- _Task instructions_:
What you return must be the full listing, word for word, with no images in it.

- _Records for this task_:
○ ○ ○ ○ ○
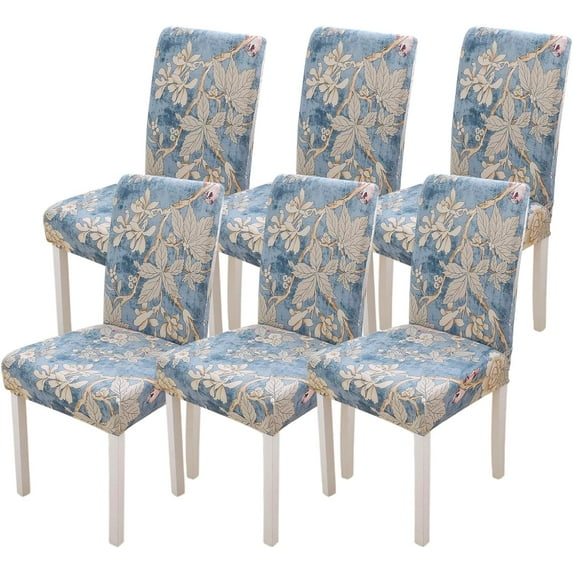 Stretch Chair Covers, Elastic Soft Spandex Removable Washable Chair Slipcovers Protector for Dining Room (Golden Tree, Set of 6)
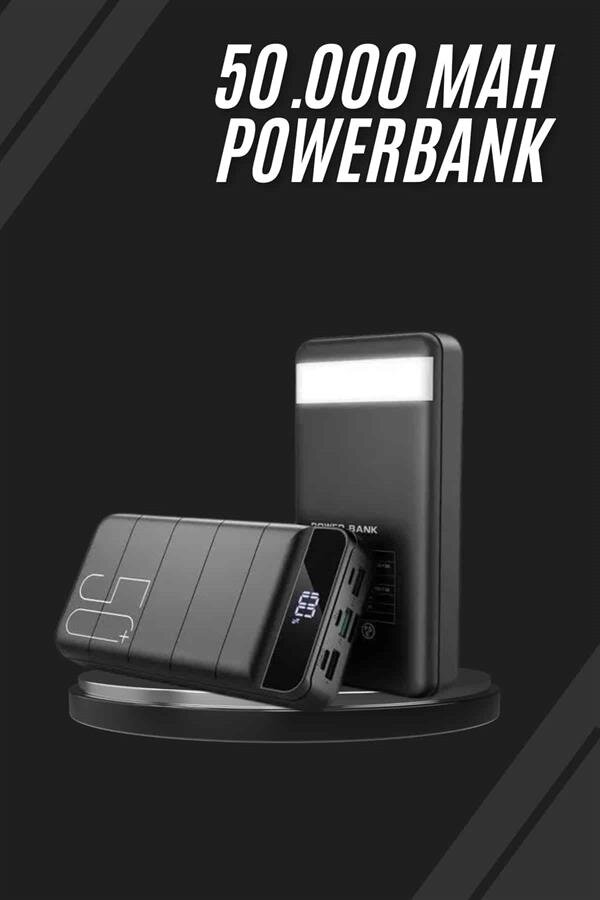 Taşınabilir Powerbank 50.000 mAh 4 Girişli Hızlı Şarj Led Göstergeli Fenerli Şarj Taşınabilir Powerbank 50.000 mAh 4 Girişli Hızlı Şarj Led Göstergeli Fenerli Şarj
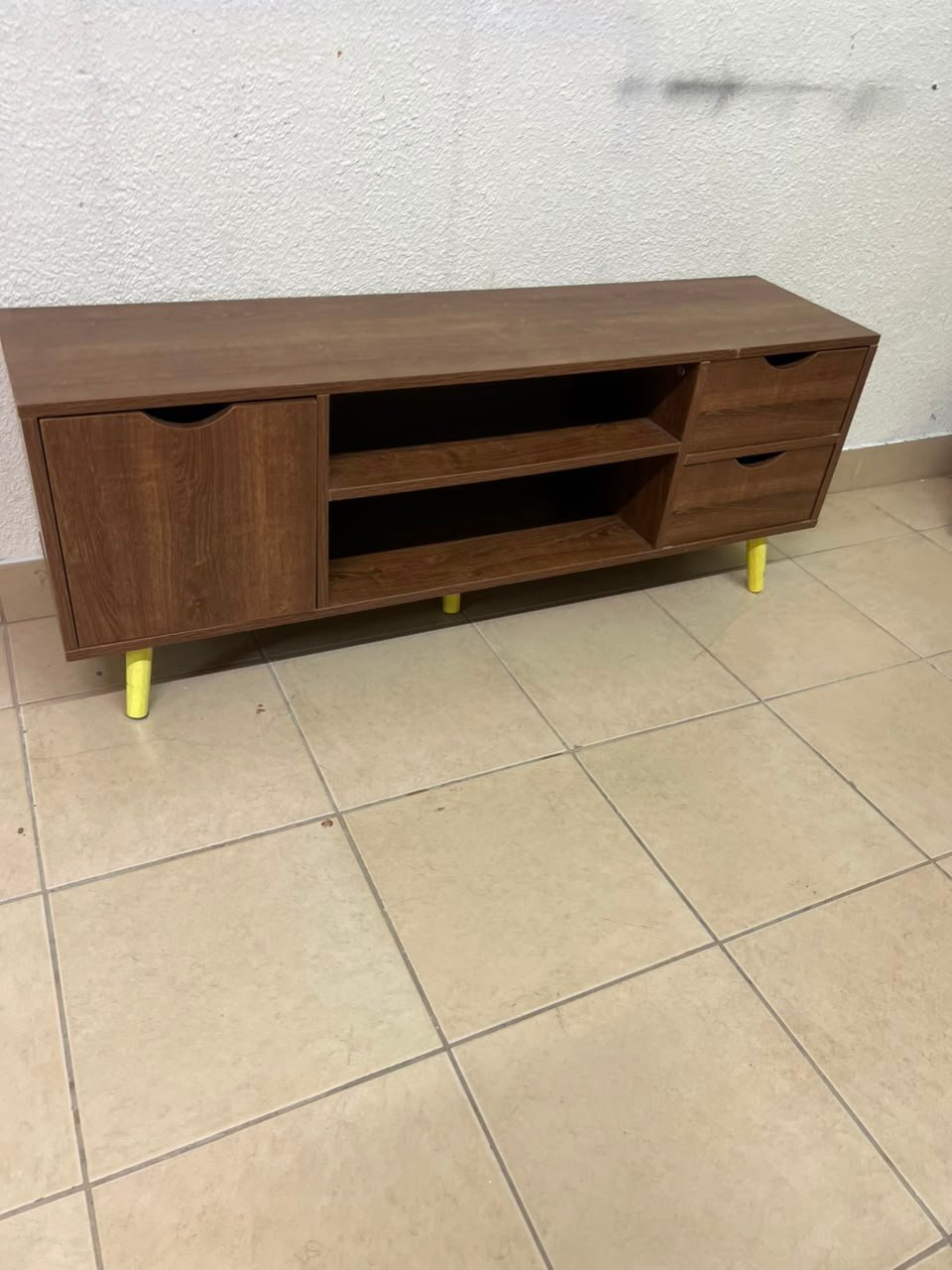 A Mid-Century Modern wood-design TV unit featuring open cabinets and shelves, side drawers, and distinctive legs. - Image 2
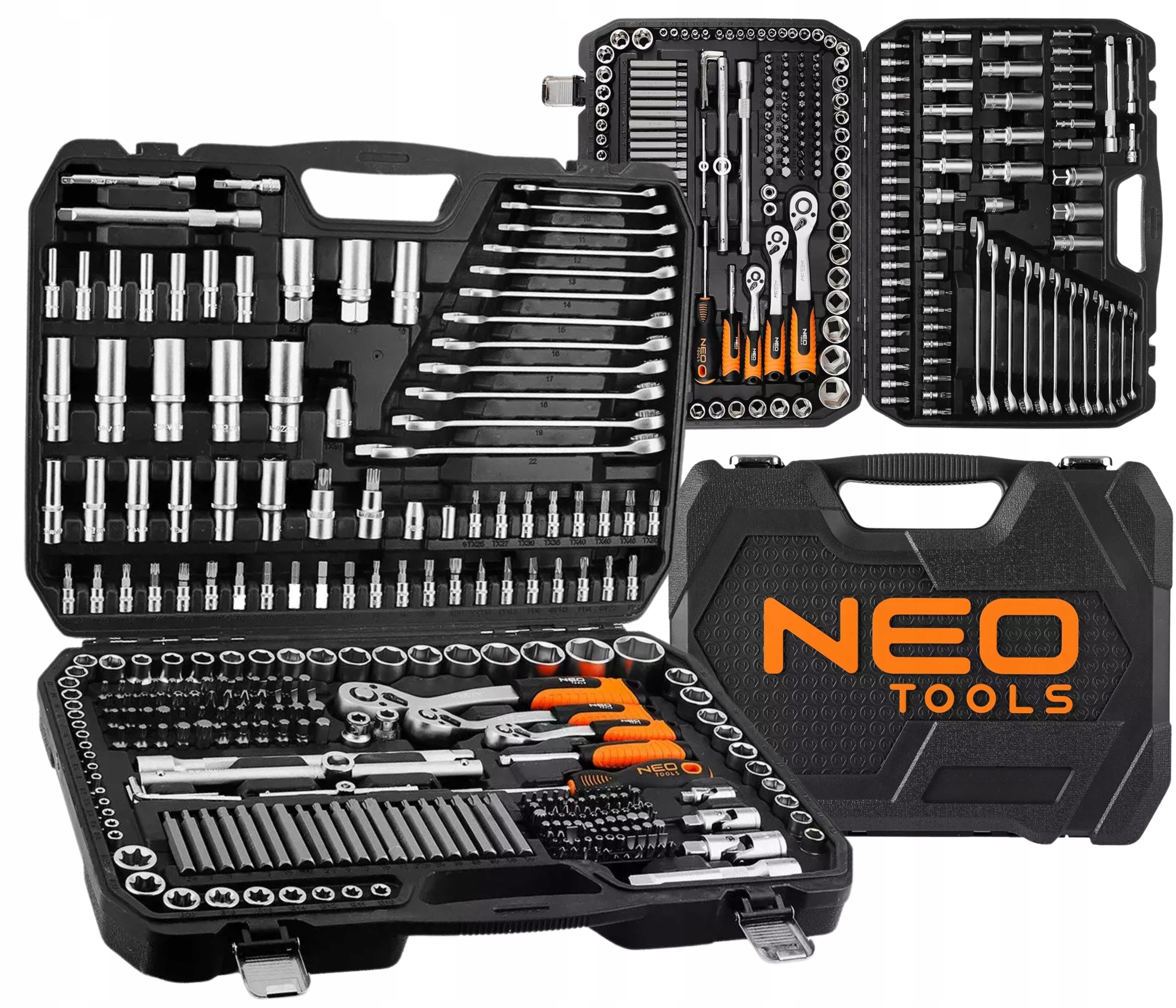 Neo Duży Zestaw Kluczy Nasadowych 300 el. 1/2 1/4 3/8 Klucze Nasadowe CrV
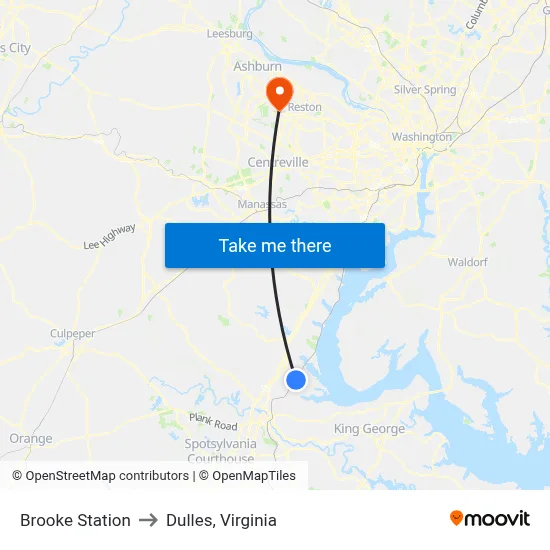 Brooke Station to Dulles, Virginia map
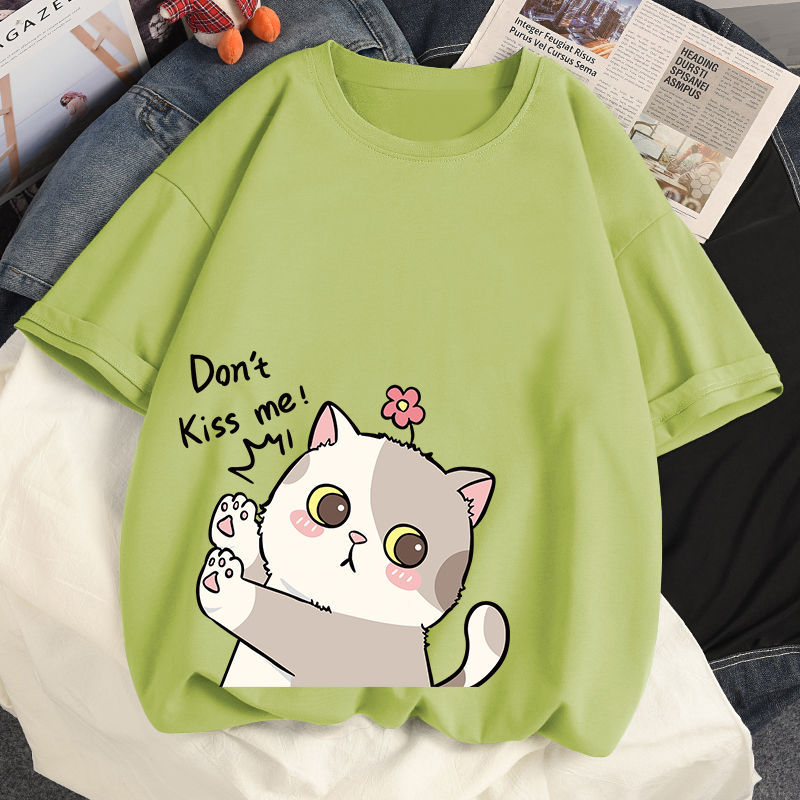 100% Cotton Harajuku Kawaii No Kissing Cat T-shirts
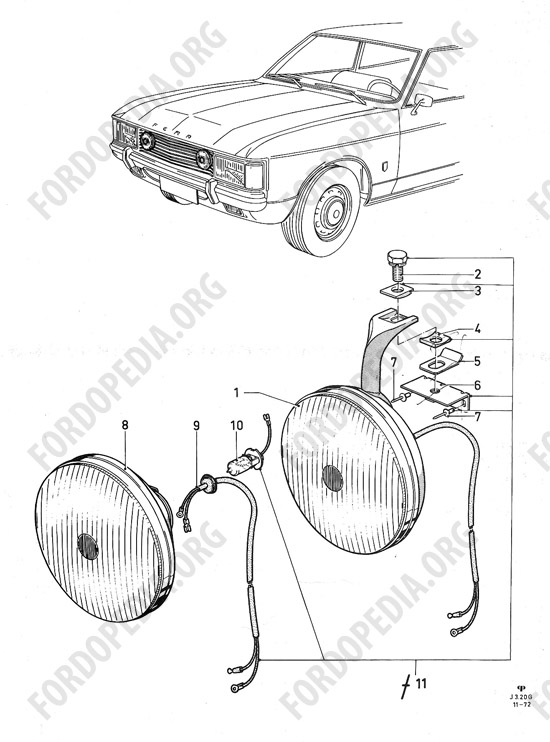 Ford Consul/Granada MkI (1972-1975) - Long range lamps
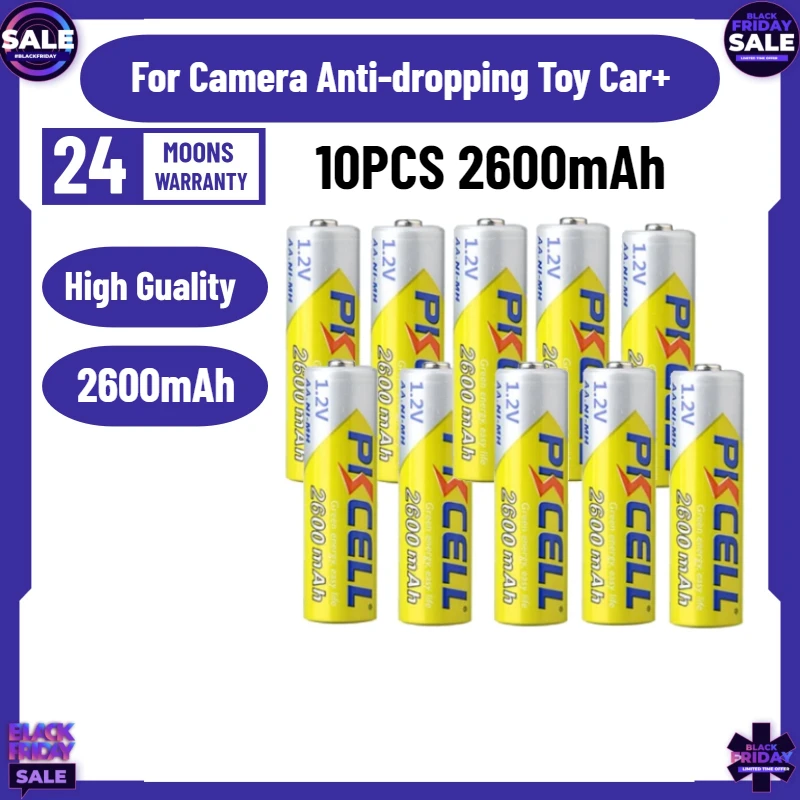 

10PCS 2600mAh Rechargeable Batteries 1.2V Ni-MH AA Rechargeble Battery for Camera Anti-dropping Toy Car+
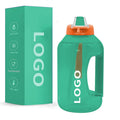 Wholesale 1.5L Clear Reusable Eco-Friendly Tritan Sports Water Bottle with Straw and Handgrip for Direct Drinking Travel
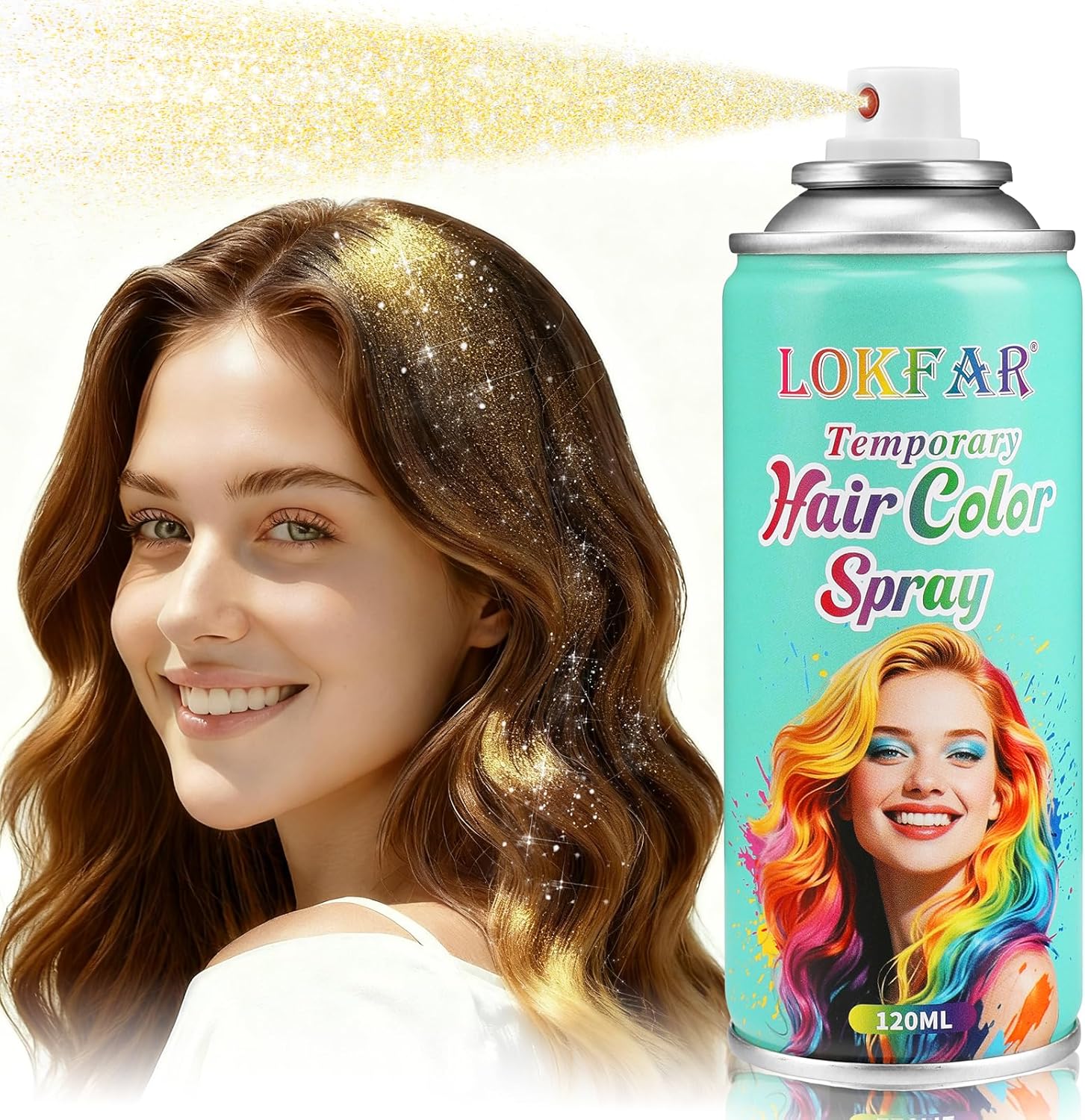 BEFIVECOK temporary gold glitter hair and body spray front view packaging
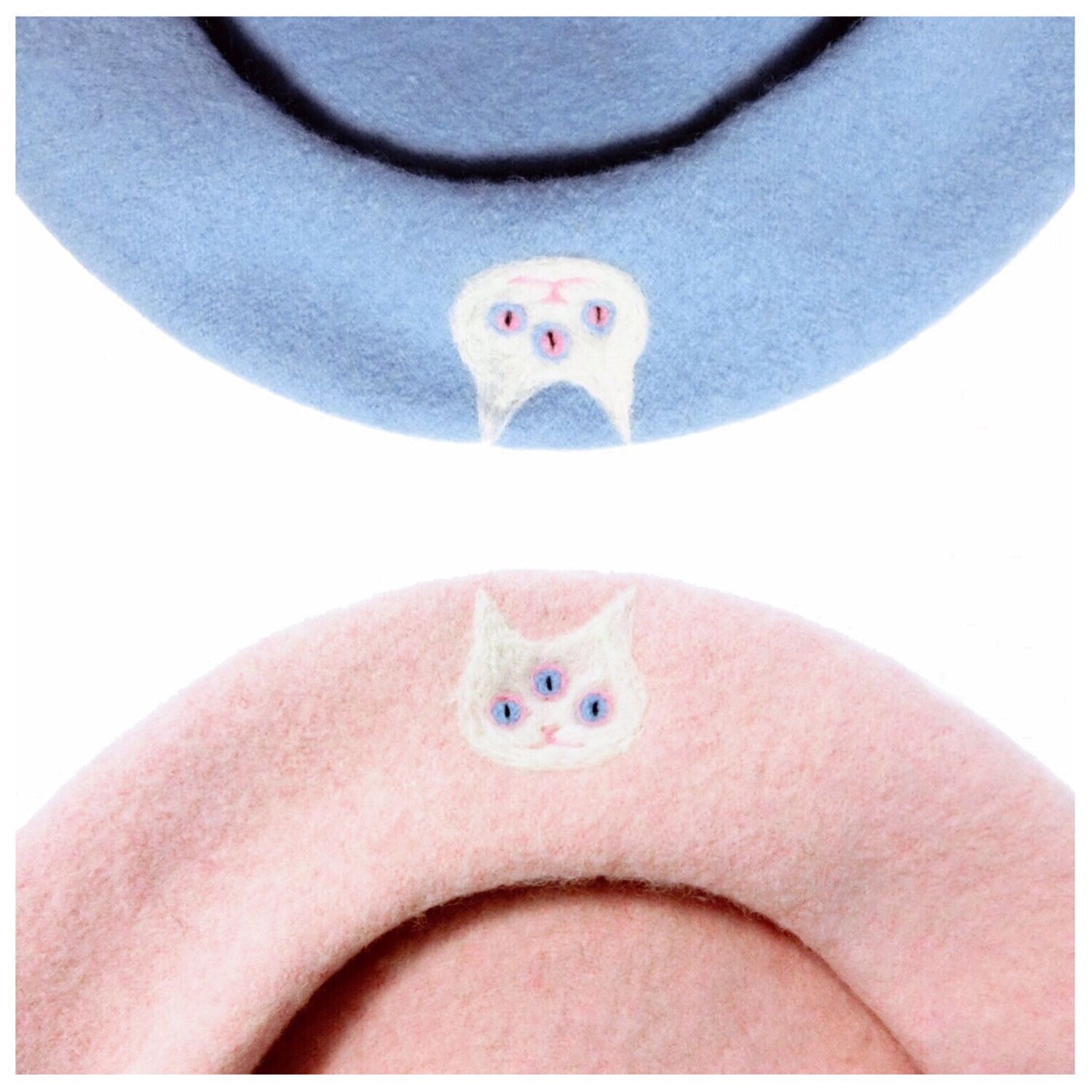 三眼猫 原创日系软妹可爱搞怪趣味贝雷帽 手工毛毡帽萌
○ ○ ○ ○ ○
- _Written response_:
 Stretch Chair Covers, Elastic Soft Spandex Removable Washable Chair Slipcovers Protector for Dining Room (Golden Tree, Set of 6)
 Taşınabilir Powerbank 50.000 mAh 4 Girişli Hızlı Şarj Led Göstergeli Fenerli Şarj Taşınabilir Powerbank 50.000 mAh 4 Girişli Hızlı Şarj Led Göstergeli Fenerli Şarj
 A Mid-Century Modern wood-design TV unit featuring open cabinets and shelves, side drawers, and distinctive legs. - Image 2
 Neo Duży Zestaw Kluczy Nasadowych 300 el. 1/2 1/4 3/8 Klucze Nasadowe CrV
 Brooke Station to Dulles, Virginia map
 100% Cotton Harajuku Kawaii No Kissing Cat T-shirts
 Ford Consul/Granada MkI (1972-1975) - Long range lamps

10PCS 2600mAh Rechargeable Batteries 1.2V Ni-MH AA Rechargeble Battery for Camera Anti-dropping Toy Car+
 Wholesale 1.5L Clear Reusable Eco-Friendly Tritan Sports Water Bottle with Straw and Handgrip for Direct Drinking Travel
 BEFIVECOK temporary gold glitter hair and body spray front view packaging
 三眼猫 原创日系软妹可爱搞怪趣味贝雷帽 手工毛毡帽萌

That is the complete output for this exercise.